WORK TO BE COMPLETED: Look through the data below and output, unchanged, every line from the one holding "Elegant Long Lace" through the one holding "Mirror Quality Miu", inclusive. Skip the pictures.

MATERIALS PROVIDED:
****

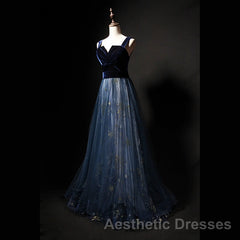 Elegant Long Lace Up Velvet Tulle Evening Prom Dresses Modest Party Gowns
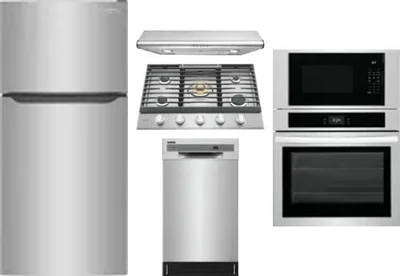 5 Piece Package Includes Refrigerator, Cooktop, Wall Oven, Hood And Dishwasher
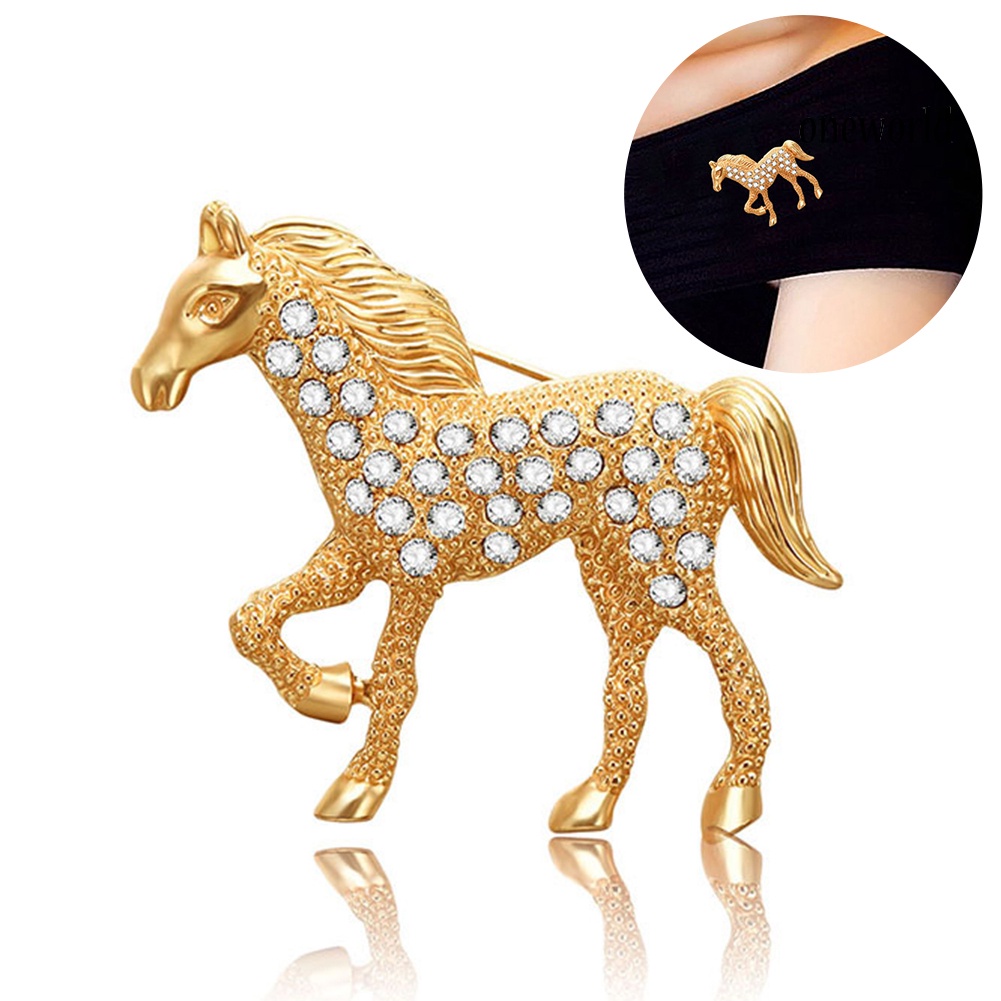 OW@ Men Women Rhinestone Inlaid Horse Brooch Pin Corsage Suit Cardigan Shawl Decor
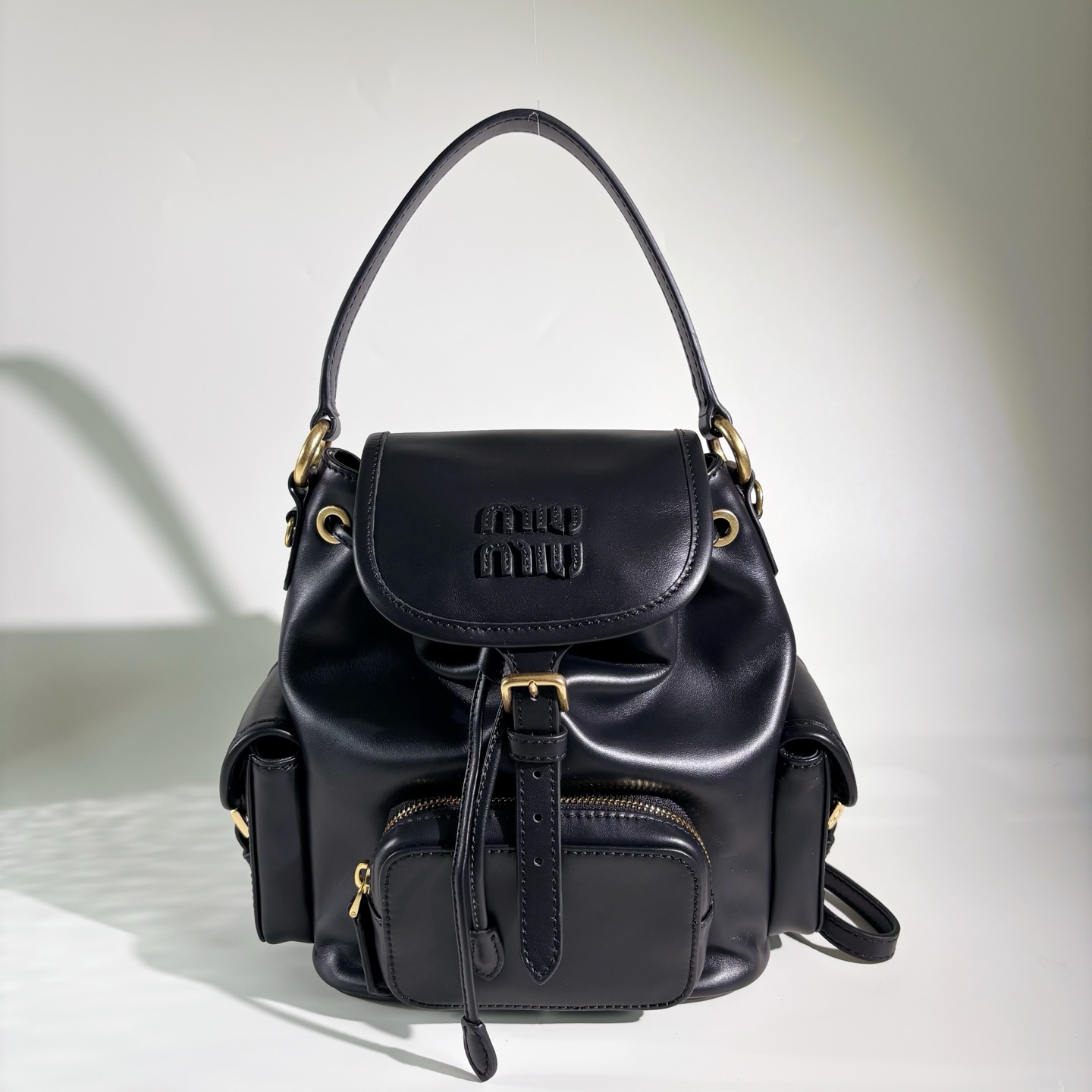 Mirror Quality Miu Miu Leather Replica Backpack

****

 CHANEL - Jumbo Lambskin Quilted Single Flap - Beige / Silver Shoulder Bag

****

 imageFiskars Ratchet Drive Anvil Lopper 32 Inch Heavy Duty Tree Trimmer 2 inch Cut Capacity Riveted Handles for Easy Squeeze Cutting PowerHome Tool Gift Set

****

ANSWER BOX:
 Elegant Long Lace Up Velvet Tulle Evening Prom Dresses Modest Party Gowns
 5 Piece Package Includes Refrigerator, Cooktop, Wall Oven, Hood And Dishwasher
 OW@ Men Women Rhinestone Inlaid Horse Brooch Pin Corsage Suit Cardigan Shawl Decor
 Mirror Quality Miu Miu Leather Replica Backpack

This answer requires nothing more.